*ABOUT THIS TASK*:
The whole listing, except its pictures, is to be repeated exactly.

*DATASET CONTENT*:
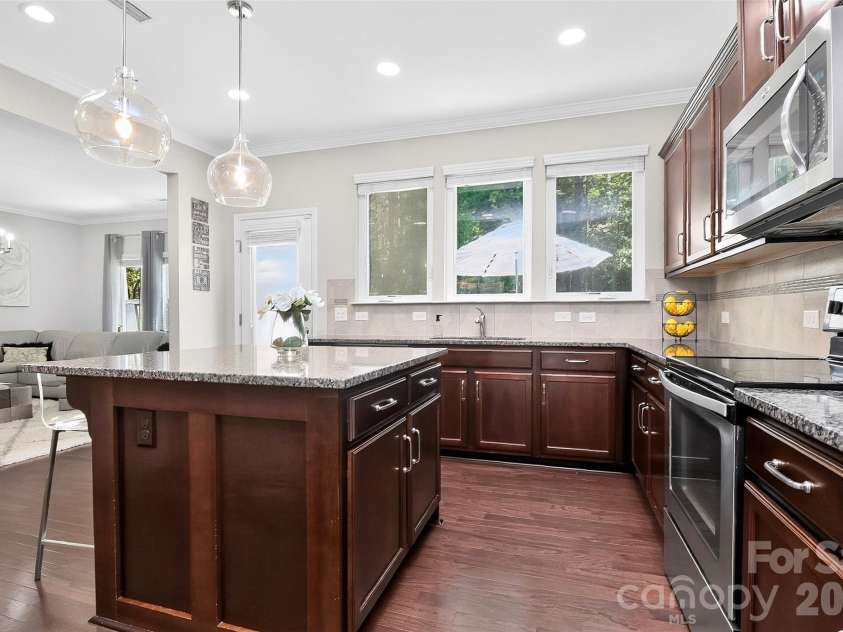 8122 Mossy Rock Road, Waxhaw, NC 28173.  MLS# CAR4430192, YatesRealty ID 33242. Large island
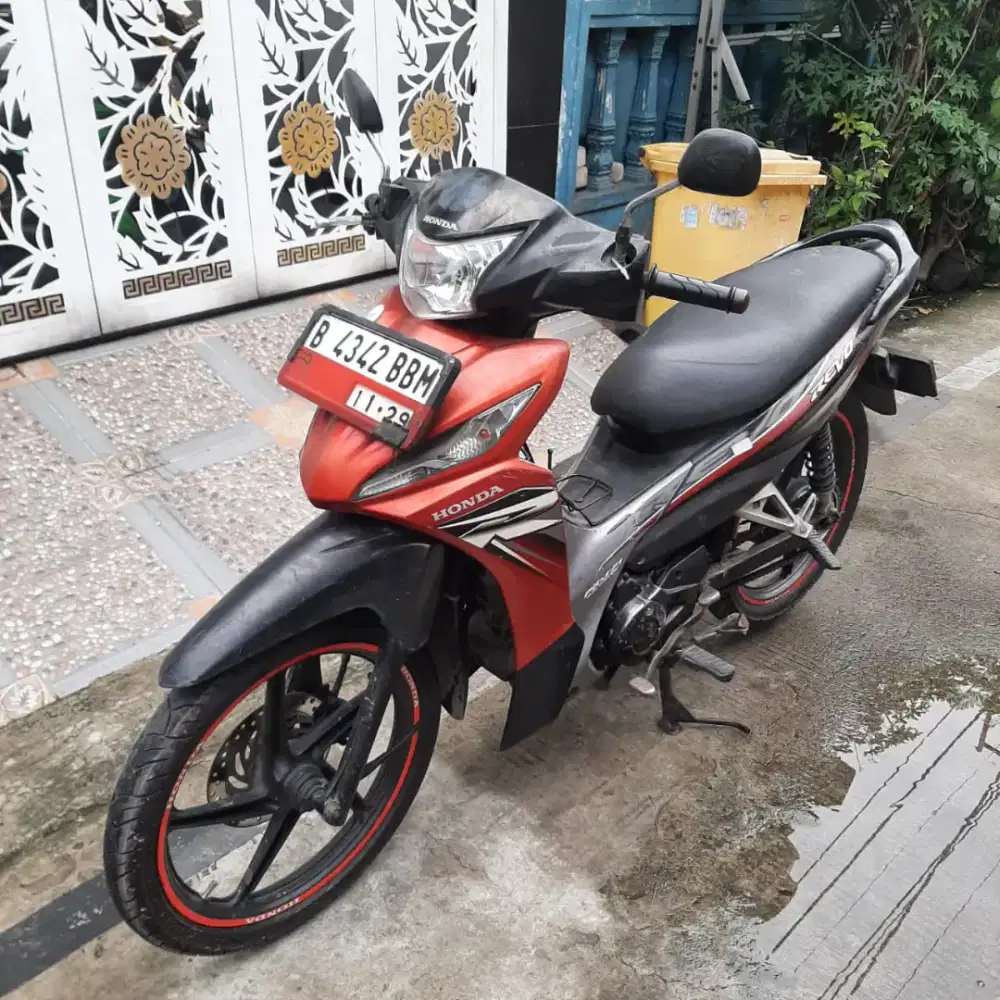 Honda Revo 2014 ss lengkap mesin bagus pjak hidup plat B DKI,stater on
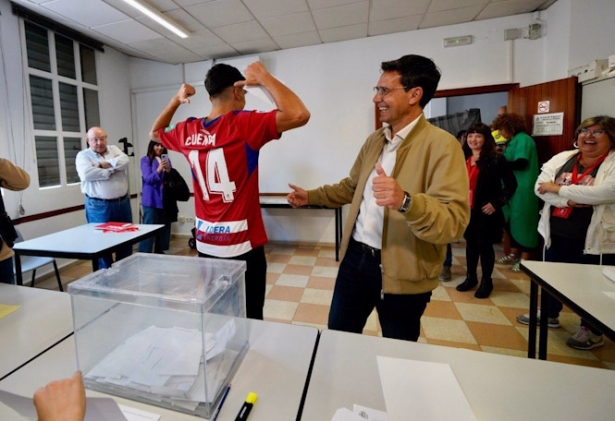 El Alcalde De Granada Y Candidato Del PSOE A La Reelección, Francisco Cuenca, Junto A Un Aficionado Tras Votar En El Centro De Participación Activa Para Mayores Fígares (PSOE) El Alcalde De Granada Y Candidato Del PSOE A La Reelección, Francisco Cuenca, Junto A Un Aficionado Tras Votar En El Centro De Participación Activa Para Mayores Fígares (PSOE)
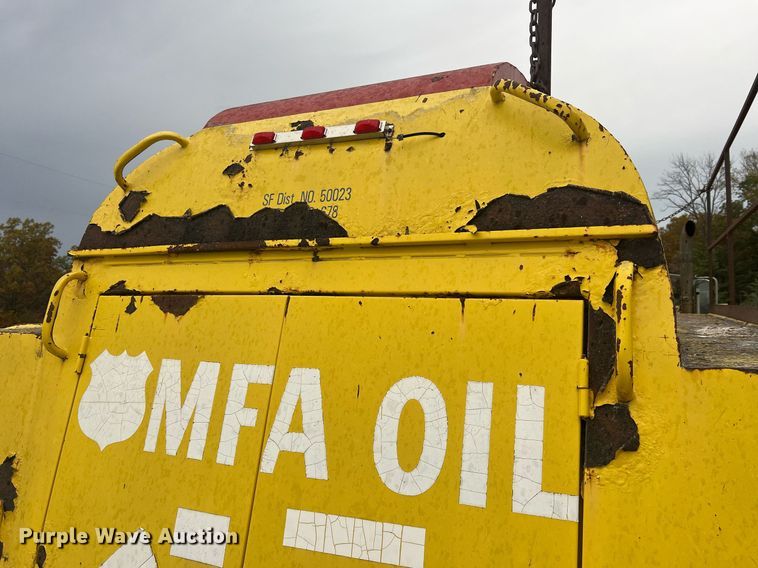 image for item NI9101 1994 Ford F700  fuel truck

*EXPECTED ANSWER*:
 8122 Mossy Rock Road, Waxhaw, NC 28173.  MLS# CAR4430192, YatesRealty ID 33242. Large island
 Honda Revo 2014 ss lengkap mesin bagus pjak hidup plat B DKI,stater on
 El Alcalde De Granada Y Candidato Del PSOE A La Reelección, Francisco Cuenca, Junto A Un Aficionado Tras Votar En El Centro De Participación Activa Para Mayores Fígares (PSOE) El Alcalde De Granada Y Candidato Del PSOE A La Reelección, Francisco Cuenca, Junto A Un Aficionado Tras Votar En El Centro De Participación Activa Para Mayores Fígares (PSOE)
 image for item NI9101 1994 Ford F700  fuel truck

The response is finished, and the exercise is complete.